Jennifer Langenohl believes in this as well. Langenohl, 27, served as a Marine in Iraq. She ran radio support on convoy operations and worked in Fallujah, where her duties included providing security operations with female Iraqis at entry control points.
Langenohl now uses her Marine experience to “adapt and overcome” any difficulties in the school environment. She would like to pass along this approach to her fellow students who she sees get very anxious about assignments and exams. She hopes to relay “an infectious attitude of competence.”
John Frey, 40, veteran of Bosnia and Afghanistan, served as an infantry soldier. He hopes to affect at least one of his fellow students “to see life from another’s perspective,” and encourages veteran and nonveteran alike to be open to one another’s differences and unique experiences.
Despite their strengths, Stockton does see veterans for a variety of challenges that are unique.
Across the nation, veteran students report a sense of alienation from their fellow students, according to HigherEd.com. They miss the intense and close community of the military. They report a lack of understanding among their nonveteran classmates and instructors regarding the difficulties military members face, and challenges endured during their service. Being older and with vastly different experience, their priorities are frequently different than their peers.
Langenohl expressed concern about being seen as “a machine, no feelings” or that others may be intimidated by her combat service.
Frey conveys a belief that a veteran’s approach to dealing with life is frequently very different. Trying to communicate across that boundary can be difficult. His concern is that because veteran students may remain anonymous in our midst, nonveterans may not recognize the “hair trigger reflexes” that come with the daily rigors of battle. Most people can’t understand such as treating a wounded friend and retrieving body parts so that a family can have a service member for burial.

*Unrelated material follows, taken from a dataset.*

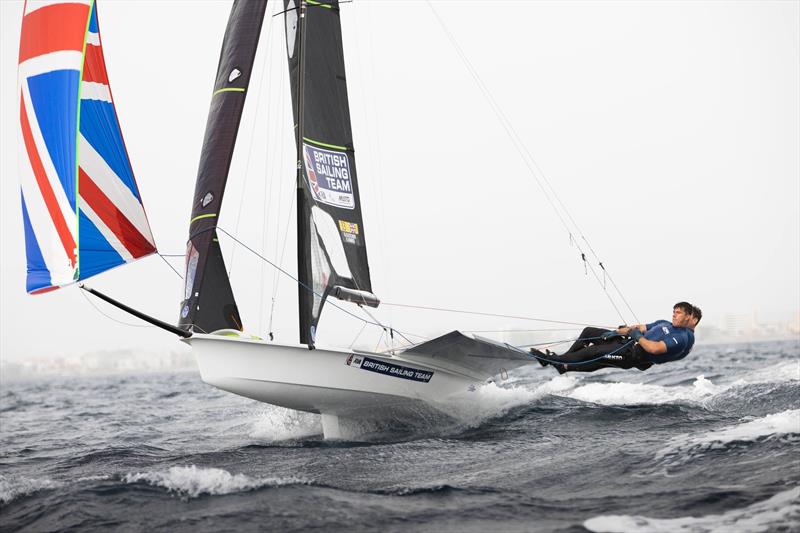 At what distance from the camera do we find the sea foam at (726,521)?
388 centimetres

Frey hopes that the Madison College community can be more thoughtful and consider what they say and how they say it, he said.
Stockton’s background and training is in education, not in counseling or therapy. Her role in many situations is to refer to internal and external resources such as Madison College Disability Resource Services, Student Services for counseling, Madison Vet Center, or the Veterans Hospital for therapy on readjustment and PTSD. She considers it critical that veteran students know that there are resources available and encourages them to reach out to her before problems become so severe they consider dropping out. A particular challenge she deals with in her position is difficulties with the GI Bill and returning to or adjusting to the college environment.
After the structured life of the military, veterans sometimes have difficulty with time management, financial planning and general life preparedness for school, in addition to readjustment issues, PTSD and seen and unseen disabilities.
Madison College is attempting to address general preparedness among veterans with an innovative class called College Success for Veterans. The three-credit class has been offered since January 2010. The focus of this course, taught by Deb Olsen, is to emphasize the strengths brought from the military and to attempt to fill in the gaps that would be pitfalls to college success. Stockton believes one of these pitfalls is the hesitance among veteran students to share their military experiences.
“As much as I didn’t like being there, I think it is my best time in the military,” Langenohl said. “It reminds me of what we have good over here.”
Langenohl is proud of her service and hopes that the Madison College community will be more supportive of the local military organizations. Care packages and letters from home are the very desperate needs of disabled and homeless veterans in our community, she said.
In sharing their experiences, Stockton believes veteran students would be enriching the nonveteran experience. They would be reaching out to other veterans who haven’t felt comfortable opening up, and relaying what Stockton believes is the critical message of “you are not alone.”